The Church refutes this. The Catechism teaches us that: “Behind the disobedience of our first parents lurks a seductive voice, opposed to God, which makes them fall into death out of envy. Scripture and the Church’s Tradition see in this being a fallen angel, called ‘Satan’ or the ‘devil.’ [Other names are Lucifer (light bearer) and Belezebul (Lord of the Flies)] The Church teaches that Satan [which literally means “prosecuting attorney”—the one who accuses—Satan] was at first a good angel, made by God. The devil and other demons were indeed created naturally good by God, but they became evil by their own doing.”…It is the irrevocable character of their choice, and not a defect in the infinite divine mercy, that makes the angels’ sin unforgiveable. ‘There is no repentance for the angels after their fall, just as there is no repentance for men after death.’” (CCC #s 391 &393)
Exorcisms are still performed to this day. The Catholic Church does it right. The Catechism tells us that a simple exorcism is performed at the celebration of baptism, but a solemn or major exorcism can only be performed by a priest with permission from the bishop. The priest must proceed with prudence, strictly observing the rules established by the Church. Therefore, before an exorcism is performed, it is important to ascertain that one is truly dealing with the presence of evil and not a mental illness.
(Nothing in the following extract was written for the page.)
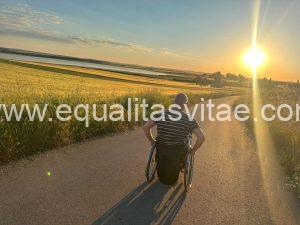 Imagen de una persona en silla de silla de ruedas recorriendo un sendero junto a la laguna al atardecer.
If you have trouble buying this personification of evil, look at the evidence. Consider racial and ethnic cleansing, millions of people are slaughtered because they belong to a particular racial or ethnic group. Look at ISIS and Bokohoran and the incredibly barbaric activities that are occurring in the mid-east and Africa. Think about the sexual abuse of children and human trafficking and the drug trade and abortion mills. All this shows more than a merely human malice at work. Satan finds the weak spot, and then exploits it.
At a personal level, we must never forget that God loves us so much that he sent his only Son to die for us. God loves each one of us without reservation. But which one of us has not heard that voice telling us three things: “You are no good. You never were any good. You never will be any good.” That’s a message that carries with it the strong whiff of sulfur straight out of Hell. That’s the message the enemy wants us to believe.
And as frightening and real as the power of Satan and his minions, the authority of Christ is infinitely superior. As St. Mark tells us and as the Church affirms, the power of the Cross and glory of the Resurrection show that Jesus has conquered the powers of Hell. For the present time however, these malicious actions of the enemy are permitted by God, whom St. Paul tells us is able to work good out of every evil. (Rom. 8:28)
In closing, as Mary Healy writes in her Commentary on Mark in the series “Catholic Commentary on Sacred Scripture”: The grace provided for us in baptism provides protection from all demonic forces and provides us with the strength to resist their seductive influence. (p.48)
That is a wonderful part of the Good News for us today, the same Good News that Jesus delivered to us by St. Mark almost 2000 years ago.